A ascensão da inteligência artificial no centro do debate eleitoral brasileiro mostra uma mudança profunda na forma como as campanhas políticas serão conduzidas nos próximos anos.

A manifestação do presidente do Tribunal Superior Eleitoral, Kassio Nunes Marques, ao apontar o uso ilegal da IA como um dos principais desafios das eleições de 2026, representa o reconhecimento de que o ambiente digital passou a ocupar posição estratégica na disputa pelo poder político.

A eleição de 2026 deverá consolidar uma nova etapa das campanhas eleitorais no Brasil. A propaganda tradicional continua importante, mas perdeu espaço para as redes sociais, os aplicativos de mensagens e as plataformas digitais que influenciam opiniões em velocidade muito maior que a capacidade dos mecanismos tradicionais de fiscalização.

Então, a IA surge como ferramenta de grande potencial, tanto para comunicação legítima quanto para manipulação. Recursos capazes de produzir vídeos falsos, áudios simulados e imagens extremamente realistas já estão disponíveis para qualquer pessoa com acesso básico à internet.

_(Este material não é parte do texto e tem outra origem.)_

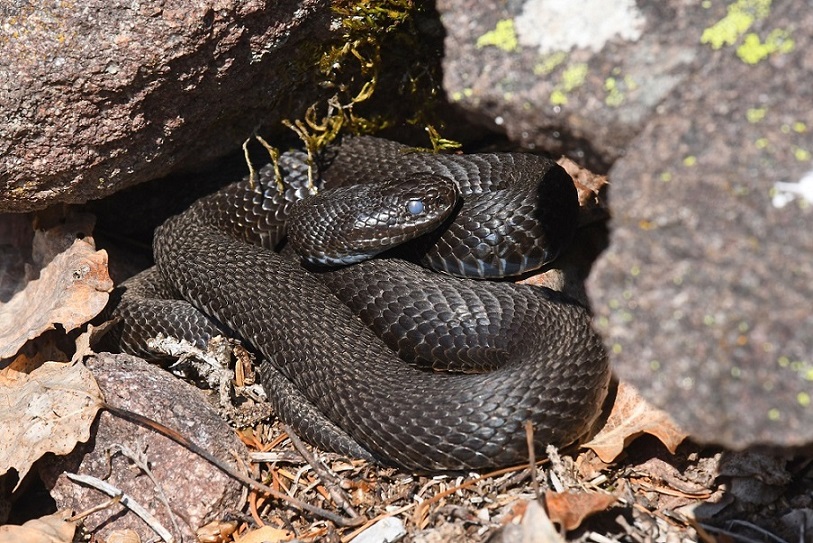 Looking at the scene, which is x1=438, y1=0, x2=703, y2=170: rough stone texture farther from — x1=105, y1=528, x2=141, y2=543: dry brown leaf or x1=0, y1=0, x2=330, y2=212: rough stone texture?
x1=105, y1=528, x2=141, y2=543: dry brown leaf

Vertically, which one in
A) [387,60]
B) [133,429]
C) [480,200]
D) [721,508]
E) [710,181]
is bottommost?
[133,429]

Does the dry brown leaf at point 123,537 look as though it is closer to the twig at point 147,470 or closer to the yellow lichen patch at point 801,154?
the twig at point 147,470

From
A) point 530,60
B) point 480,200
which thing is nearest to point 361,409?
point 480,200

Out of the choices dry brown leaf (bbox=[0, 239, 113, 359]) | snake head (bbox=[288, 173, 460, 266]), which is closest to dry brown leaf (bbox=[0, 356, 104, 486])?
dry brown leaf (bbox=[0, 239, 113, 359])

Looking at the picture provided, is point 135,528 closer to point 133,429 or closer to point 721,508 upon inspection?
point 133,429

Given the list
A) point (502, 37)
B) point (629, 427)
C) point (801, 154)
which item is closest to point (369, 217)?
point (629, 427)

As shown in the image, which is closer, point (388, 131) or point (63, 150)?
point (63, 150) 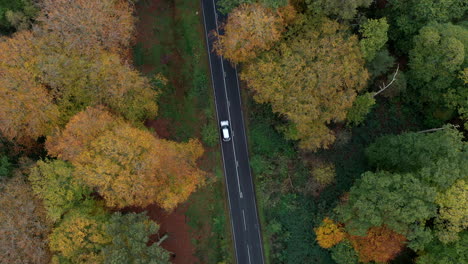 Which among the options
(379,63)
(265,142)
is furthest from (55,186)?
(379,63)

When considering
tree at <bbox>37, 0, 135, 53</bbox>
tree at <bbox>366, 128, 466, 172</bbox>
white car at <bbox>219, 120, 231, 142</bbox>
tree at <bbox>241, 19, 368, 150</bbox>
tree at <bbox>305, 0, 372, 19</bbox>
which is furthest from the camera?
white car at <bbox>219, 120, 231, 142</bbox>

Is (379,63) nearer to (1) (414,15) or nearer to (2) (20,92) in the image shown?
(1) (414,15)

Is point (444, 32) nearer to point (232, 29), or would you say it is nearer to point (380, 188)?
point (380, 188)

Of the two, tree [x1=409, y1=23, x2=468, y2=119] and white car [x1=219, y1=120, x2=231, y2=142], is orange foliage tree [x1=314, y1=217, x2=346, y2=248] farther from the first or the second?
tree [x1=409, y1=23, x2=468, y2=119]

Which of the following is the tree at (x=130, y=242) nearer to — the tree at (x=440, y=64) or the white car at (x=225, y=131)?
the white car at (x=225, y=131)

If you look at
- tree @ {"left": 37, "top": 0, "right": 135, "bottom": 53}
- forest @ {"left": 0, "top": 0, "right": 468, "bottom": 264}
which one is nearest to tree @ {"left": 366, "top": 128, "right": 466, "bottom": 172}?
forest @ {"left": 0, "top": 0, "right": 468, "bottom": 264}

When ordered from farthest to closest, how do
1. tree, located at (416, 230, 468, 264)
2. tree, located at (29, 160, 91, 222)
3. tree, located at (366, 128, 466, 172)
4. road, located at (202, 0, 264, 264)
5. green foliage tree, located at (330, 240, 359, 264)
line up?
road, located at (202, 0, 264, 264)
green foliage tree, located at (330, 240, 359, 264)
tree, located at (366, 128, 466, 172)
tree, located at (29, 160, 91, 222)
tree, located at (416, 230, 468, 264)

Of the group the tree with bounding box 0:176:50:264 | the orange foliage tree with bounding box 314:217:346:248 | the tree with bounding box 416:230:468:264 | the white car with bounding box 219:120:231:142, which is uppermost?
the white car with bounding box 219:120:231:142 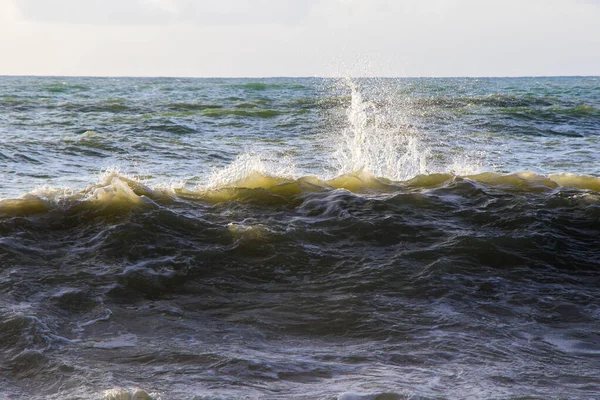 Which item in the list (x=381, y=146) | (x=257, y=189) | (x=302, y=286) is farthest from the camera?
(x=381, y=146)

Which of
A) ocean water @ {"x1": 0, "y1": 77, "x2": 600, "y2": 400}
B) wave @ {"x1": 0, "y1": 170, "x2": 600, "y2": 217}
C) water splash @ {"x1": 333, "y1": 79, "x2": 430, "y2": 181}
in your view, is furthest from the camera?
water splash @ {"x1": 333, "y1": 79, "x2": 430, "y2": 181}

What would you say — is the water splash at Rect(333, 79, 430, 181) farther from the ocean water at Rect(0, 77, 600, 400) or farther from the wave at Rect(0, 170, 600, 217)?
the wave at Rect(0, 170, 600, 217)

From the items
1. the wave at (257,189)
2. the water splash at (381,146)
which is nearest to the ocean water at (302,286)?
the wave at (257,189)

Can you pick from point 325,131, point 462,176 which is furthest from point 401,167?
point 325,131

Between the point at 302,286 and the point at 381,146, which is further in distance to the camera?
the point at 381,146

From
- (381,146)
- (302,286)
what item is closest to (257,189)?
(302,286)

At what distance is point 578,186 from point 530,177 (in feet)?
1.65

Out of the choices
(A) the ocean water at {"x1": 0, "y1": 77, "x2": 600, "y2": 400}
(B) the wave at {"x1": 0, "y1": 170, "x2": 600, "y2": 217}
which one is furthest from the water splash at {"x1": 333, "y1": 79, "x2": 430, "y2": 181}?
(B) the wave at {"x1": 0, "y1": 170, "x2": 600, "y2": 217}

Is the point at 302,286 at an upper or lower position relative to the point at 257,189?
lower

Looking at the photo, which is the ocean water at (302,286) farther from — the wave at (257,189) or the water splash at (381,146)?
the water splash at (381,146)

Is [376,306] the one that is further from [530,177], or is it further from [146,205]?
[530,177]

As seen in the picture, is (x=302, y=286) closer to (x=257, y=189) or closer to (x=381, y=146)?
(x=257, y=189)

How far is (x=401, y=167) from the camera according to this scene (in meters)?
9.34

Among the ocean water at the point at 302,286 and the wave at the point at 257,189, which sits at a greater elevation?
the wave at the point at 257,189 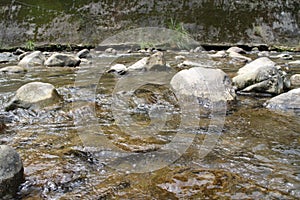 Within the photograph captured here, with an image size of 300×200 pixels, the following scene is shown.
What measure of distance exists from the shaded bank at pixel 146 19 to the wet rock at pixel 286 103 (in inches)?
550

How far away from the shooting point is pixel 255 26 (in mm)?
17984

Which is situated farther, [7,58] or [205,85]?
[7,58]

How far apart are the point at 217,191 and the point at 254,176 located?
15.8 inches

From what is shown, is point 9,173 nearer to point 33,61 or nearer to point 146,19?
point 33,61

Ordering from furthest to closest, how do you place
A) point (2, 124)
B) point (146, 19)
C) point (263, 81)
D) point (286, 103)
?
point (146, 19)
point (263, 81)
point (286, 103)
point (2, 124)

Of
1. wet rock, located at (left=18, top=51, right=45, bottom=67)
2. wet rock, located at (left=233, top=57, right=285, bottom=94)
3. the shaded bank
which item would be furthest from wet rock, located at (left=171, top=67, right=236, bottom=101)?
the shaded bank

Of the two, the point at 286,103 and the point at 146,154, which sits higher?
the point at 286,103

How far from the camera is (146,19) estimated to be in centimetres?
2003

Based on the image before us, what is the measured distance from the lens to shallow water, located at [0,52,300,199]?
2.12m

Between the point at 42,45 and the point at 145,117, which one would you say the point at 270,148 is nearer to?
the point at 145,117

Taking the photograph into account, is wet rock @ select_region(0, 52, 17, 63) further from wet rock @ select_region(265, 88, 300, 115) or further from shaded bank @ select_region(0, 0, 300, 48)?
wet rock @ select_region(265, 88, 300, 115)

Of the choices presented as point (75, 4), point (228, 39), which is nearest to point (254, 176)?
point (228, 39)

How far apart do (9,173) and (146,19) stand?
62.3ft

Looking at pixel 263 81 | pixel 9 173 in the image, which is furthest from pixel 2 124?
pixel 263 81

A sofisticação dessas tecnologias cria um ambiente em que a mentira digital pode circular rapidamente antes mesmo que autoridades, imprensa ou plataformas consigam agir.

A preocupação do TSE é plenamente justificável. A questão agora não é mais saber se haverá uso político da IA, mas em que dimensão isso acontecerá e qual será a capacidade da Justiça Eleitoral para enfrentar o problema.

Em estados como o Amazonas, o desafio se torna ainda mais complexo. Em muitas localidades do interior, o celular se tornou o principal elo entre o eleitor e o debate público. Isso amplia o impacto de conteúdos compartilhados sem verificação. Uma informação manipulada pode percorrer municípios inteiros em poucas horas e consolidar situações antes que qualquer checagem oficial consiga alcançar a mesma velocidade.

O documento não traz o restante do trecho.